ABOUT THIS TASK:
Only one stretch of the data below is needed: the line with "Good morning students." through the last line. Output it exactly and drop the pictures.

DATASET CONTENT:

::::::::

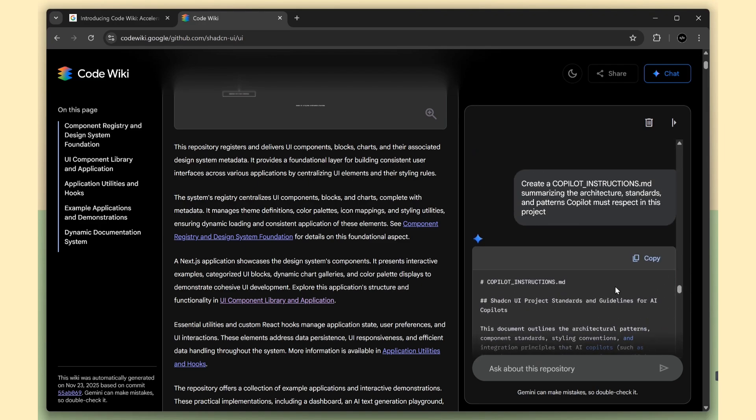I'm keeping my eye on that private repo release because that's when this thing becomes insanely powerful for real teams. Thanks for watching. See you in the next video.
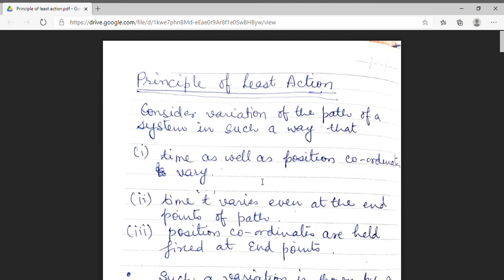Good morning students. I am Dr. Monika Khetarpal, Associate Professor of Physics in Government Dunger College, Bikanir. I welcome you all in this enlightening session of MSc Previous Physics. I am dealing with the first paper, that is Classical Mechanics.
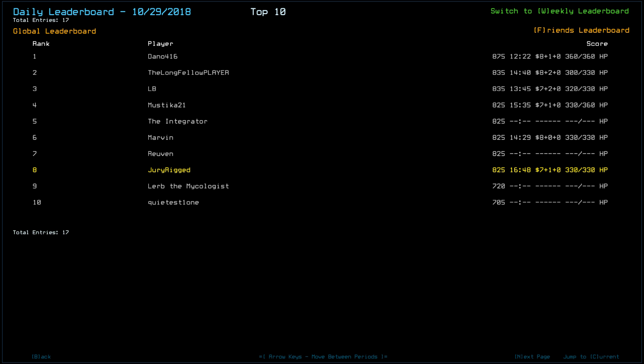Looking at yesterday's leaderboard, 17 players, with Dano taking the top spot at 875, thanks to ShiftScan, to a degree, and an extra scrap that I wasn't able to pick up because of slime. Longfellow player scored an 835, along with LB.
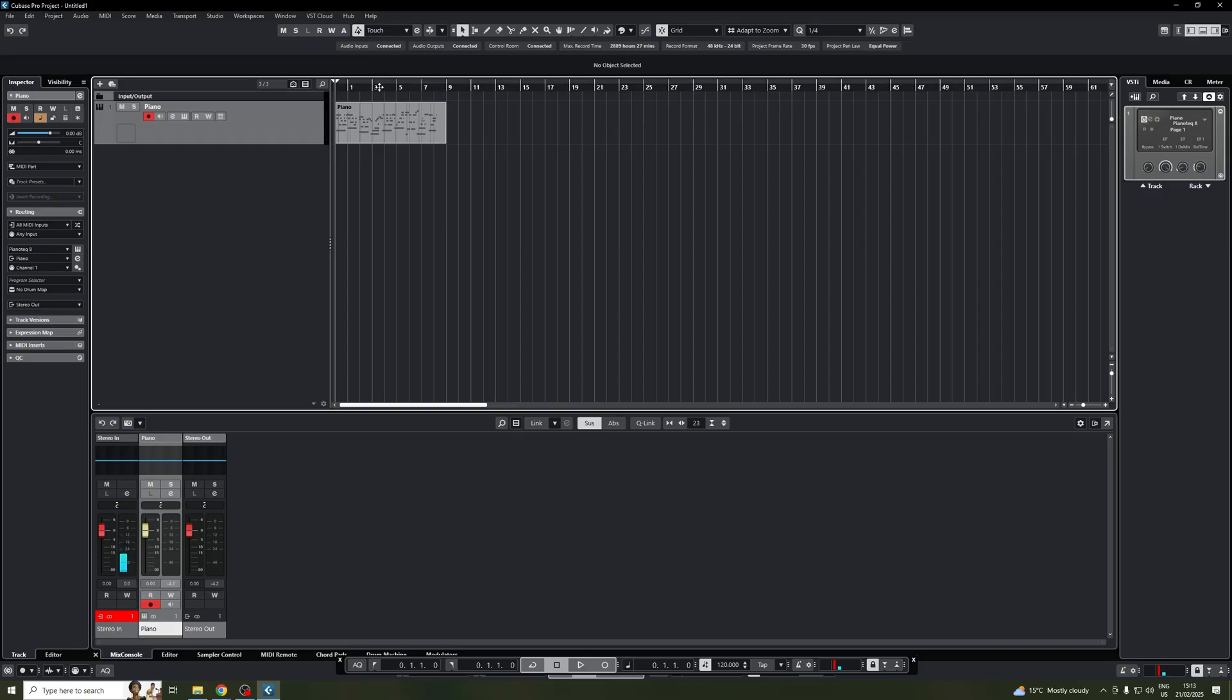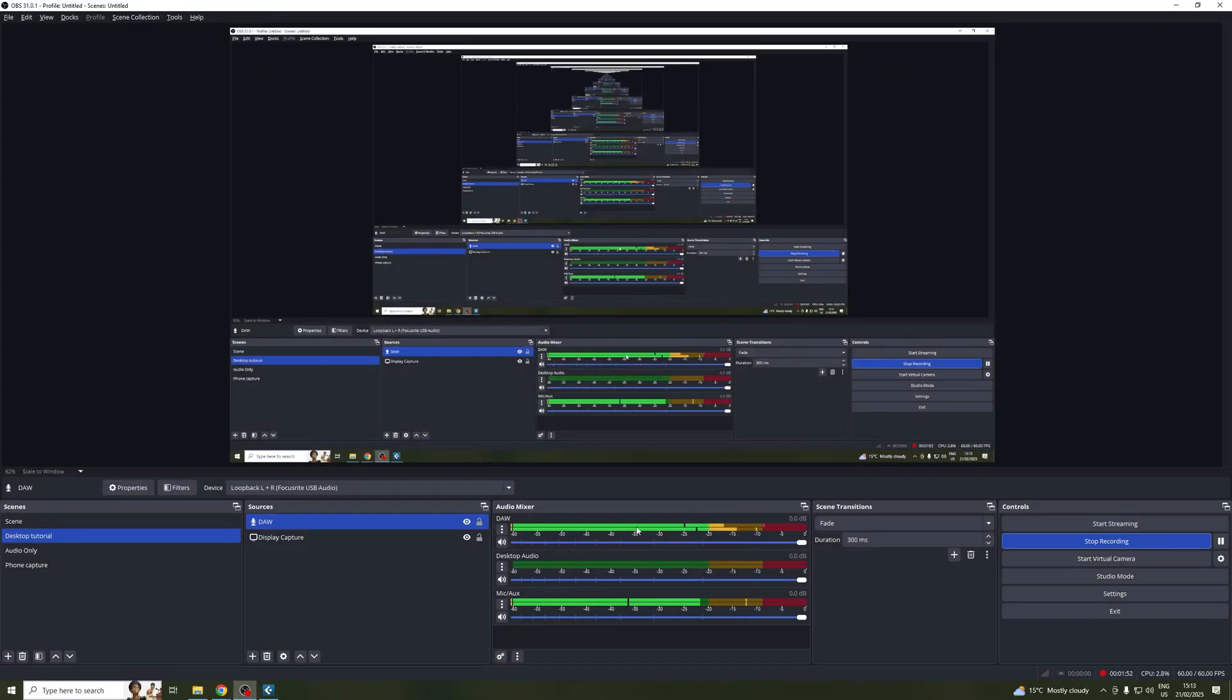All right, now let's go into our DAW. Let's click play. And here we can see the audio is coming through.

::::::::

RESPONSE AREA:
Good morning students. I am Dr. Monika Khetarpal, Associate Professor of Physics in Government Dunger College, Bikanir. I welcome you all in this enlightening session of MSc Previous Physics. I am dealing with the first paper, that is Classical Mechanics.
Looking at yesterday's leaderboard, 17 players, with Dano taking the top spot at 875, thanks to ShiftScan, to a degree, and an extra scrap that I wasn't able to pick up because of slime. Longfellow player scored an 835, along with LB.
All right, now let's go into our DAW. Let's click play. And here we can see the audio is coming through.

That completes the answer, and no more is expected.